Even though its LTE build-out is complete, Verizon is finding plenty of reasons to increase spending on its wireless infrastructure, officials said on the carrier’s second quarter earnings call. Additionally, deployment has begun on the nationwide 20 megahertz band of Advanced Wireless System spectrum, which it purchased in the latter part of 2012.
“We have essentially completed our initial LTE build-out by matching our 3G footprint. Throughout the rest of the year, we will continue to invest by adding capacity to our existing coverage as we begin to deploy AWS spectrum throughout the network,” Fran Shammo, Verizon Executive VP and CFO, told the attendees of the conference call.
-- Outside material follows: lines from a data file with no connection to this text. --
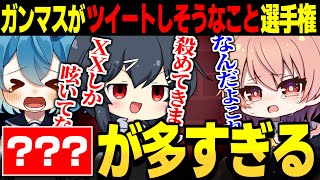 【めめ村】ガンマスのツイート予想選手権したら地獄すぎたｗｗ【ITO ゆっくり実況】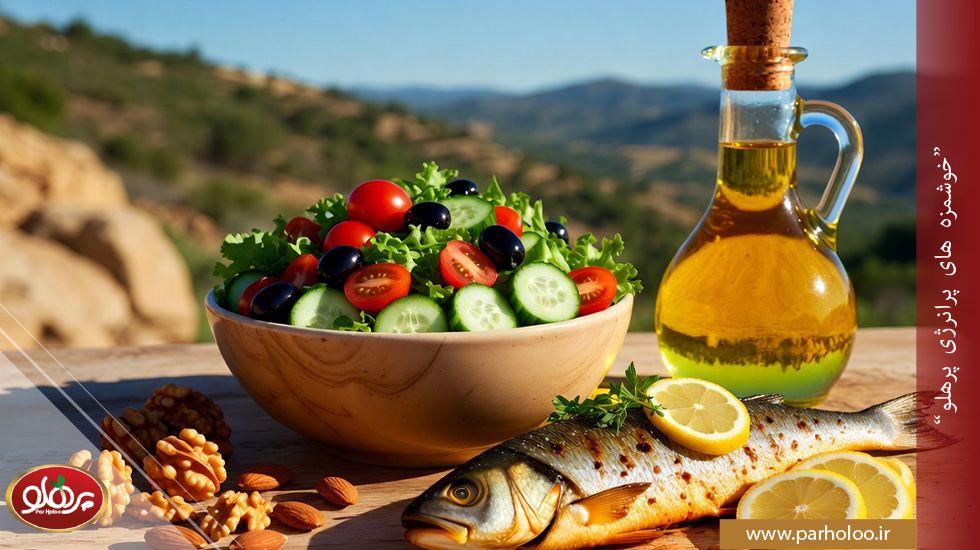 تاثیر رژیم غذایی مدیترانه ای بر درمان غلظت خون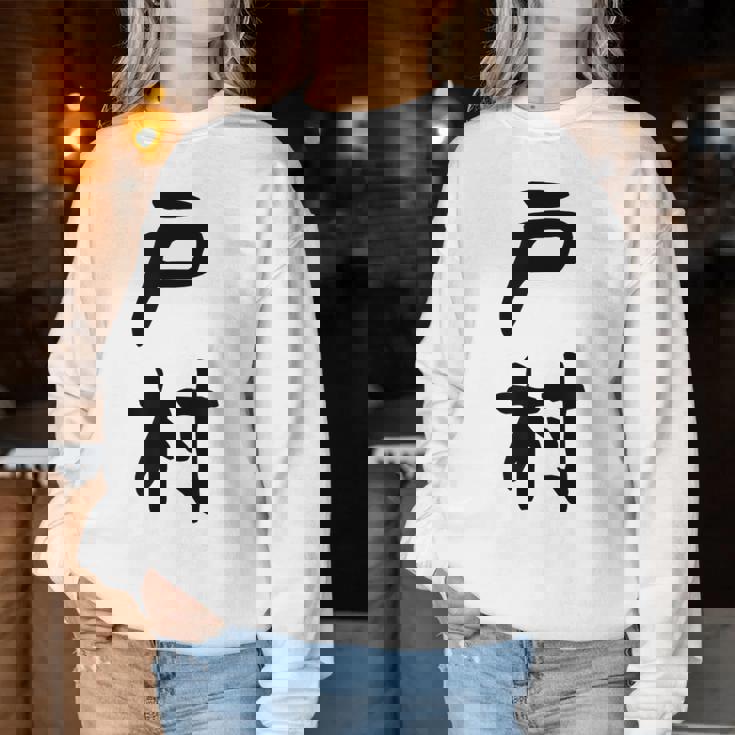 【戸村】苗字 名字 名入れ 家族お揃い 女性 男性 子供 面白い 名前 おもしろ 服 ギャグ ネタ ウケ狙い レディーススウェットシャツ 面白い贈り物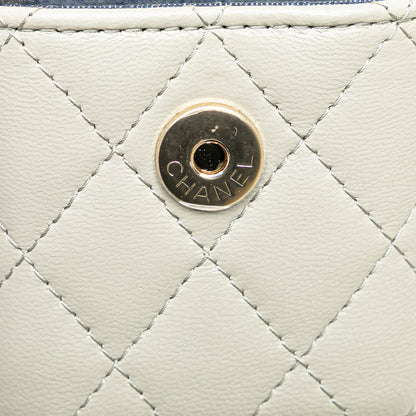Second hand Chanel Vanity Case Mini Lambskin Leather Elegant Chain Quilted Crossbody Grey - Tabita Bags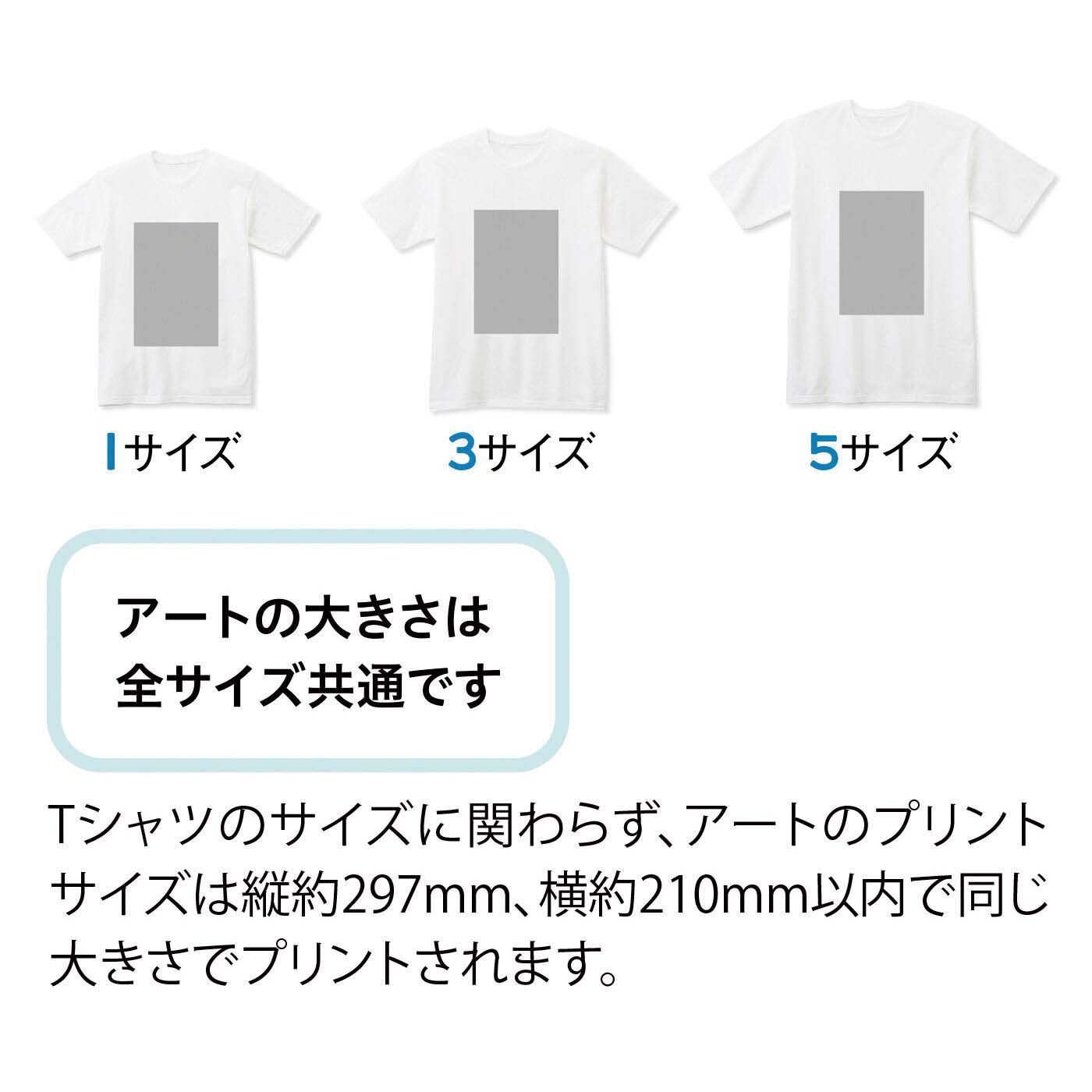 Real Stock|はる蔵×猫部　地域猫チャリティーTシャツ2024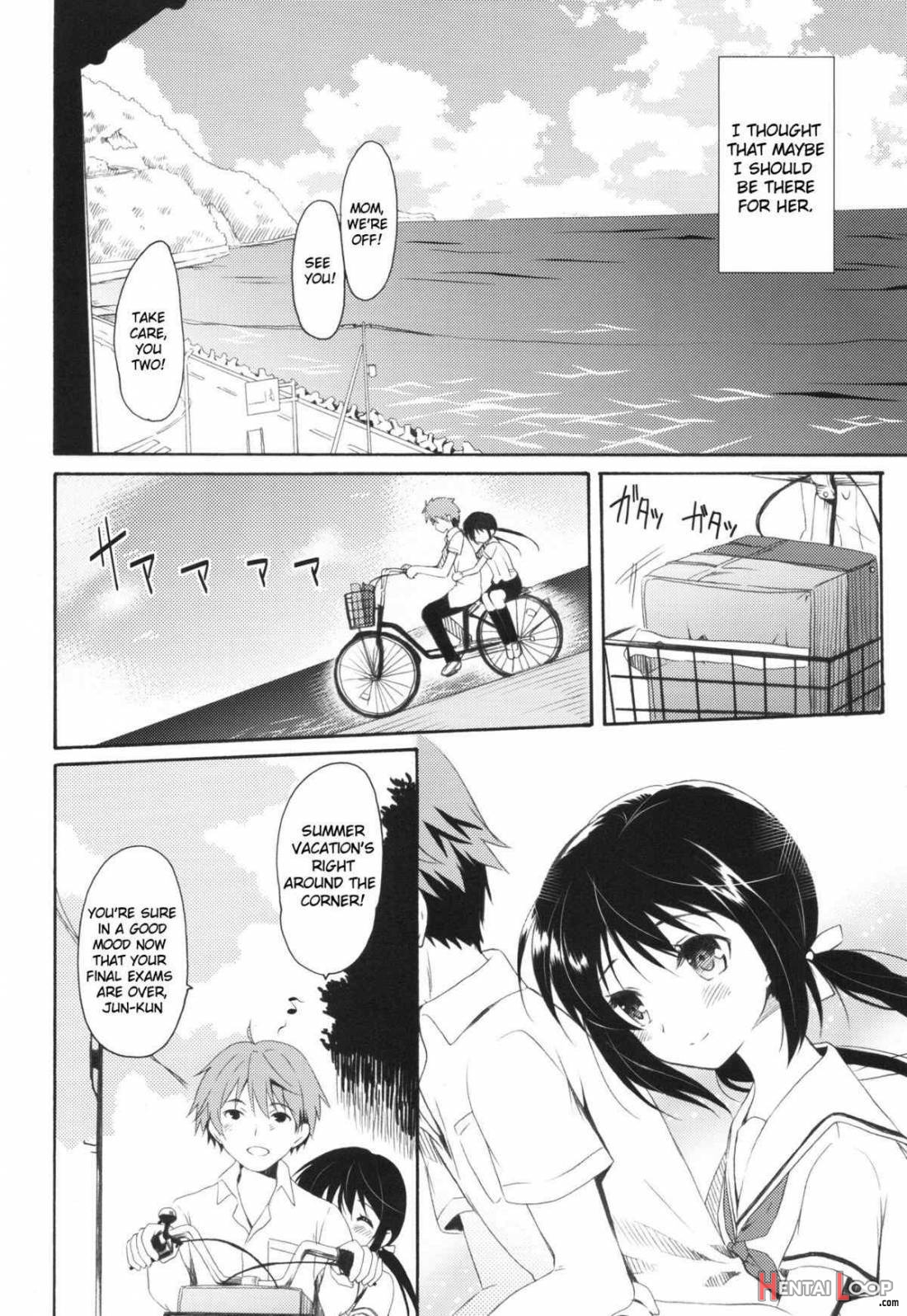 Shunka - Watashi To Ani No Natsuyasumi page 5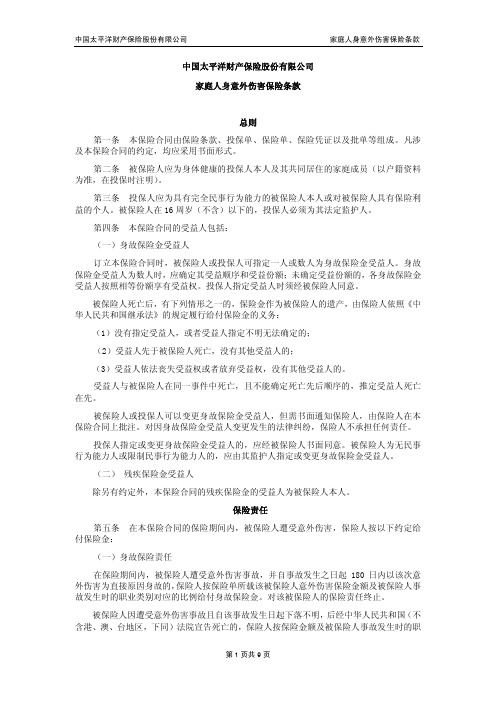 中国太平洋财产保险股份有限公司 家庭人身意外伤害保险条款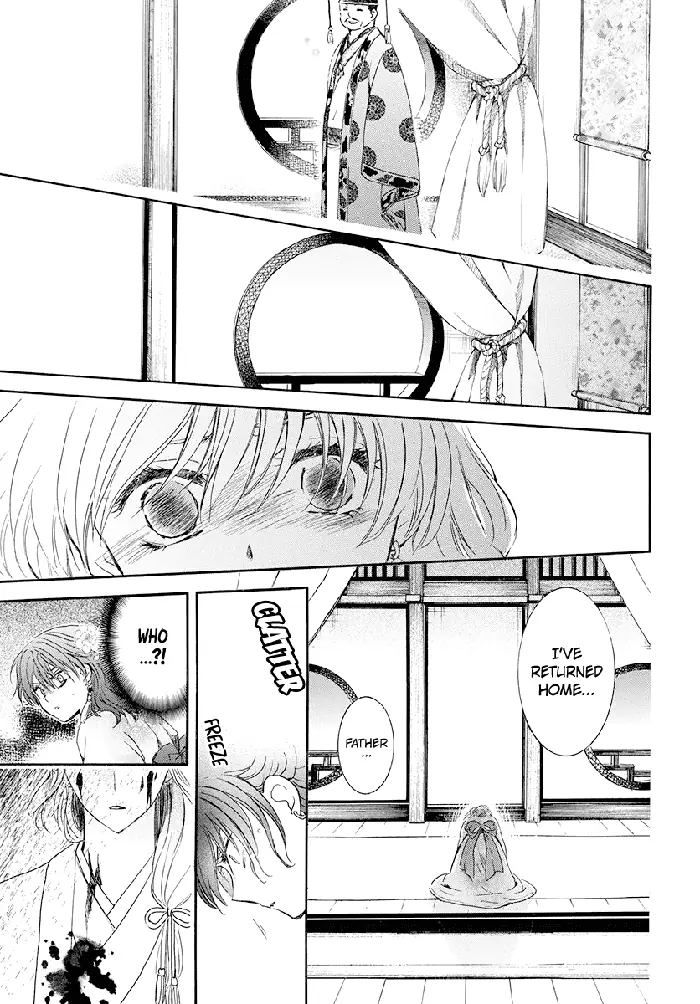 Yona of the Dawn Chapter 180 image 15_optimized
Work on increasing capacity is now taking the place of extending coverage to accommodate LTE user growth.
“Strong connections growth driven by 4G LTE and our Share Everything Plan has resulted in higher demand forecasts and the need for increased capital investment,” Shammo said.
Verizon spent $2.3 billion on wireless capital spending in the second quarter, and through the first half of this year, wireless CapEx totaled $4.3 billion, 8.6 percent higher than last year. Additionally, the carrier is increasing its full-year capital spending outlook from $16.2 billion to between $16.4 billion and $16.6 billion.
Shammo defended the spending increase as “not a huge step up in our capital spend” but an important acceleration in the LTE deployment.
In the first half of 2013, Verizon added 6.2 million more LTE users compared with the first half of last year, and LTE makes up 33 percent of users. Currently, 59 percent of the data traffic now runs on the 4G network.
“We have always said that as customers move into the [Share Everything Plan] and they realize the viability and speeds and the consistency of this 4G network, it’s going to drive them to higher usage. If you look at where video is going in the future, obviously that’s going to continue the proliferation of the usage on this network,” Shammo said.
Looking out two years, based on usage patterns and LTE device sales, Verizon must accelerate capacity more than it previously expected, Shammo said. Shammo defended the spending increase as “not a huge step up in our capital spend” but an important acceleration in the LTE deployment.
“So the incremental investment will more than pay for itself on topline growth from what I see, and again this is really a shift in our capital discipline between wireline and wireless,” he said. “We are going to maintain our lead on the most reliable, consistent 4G LTE network. So that’s what’s driving the increase for CapEx.”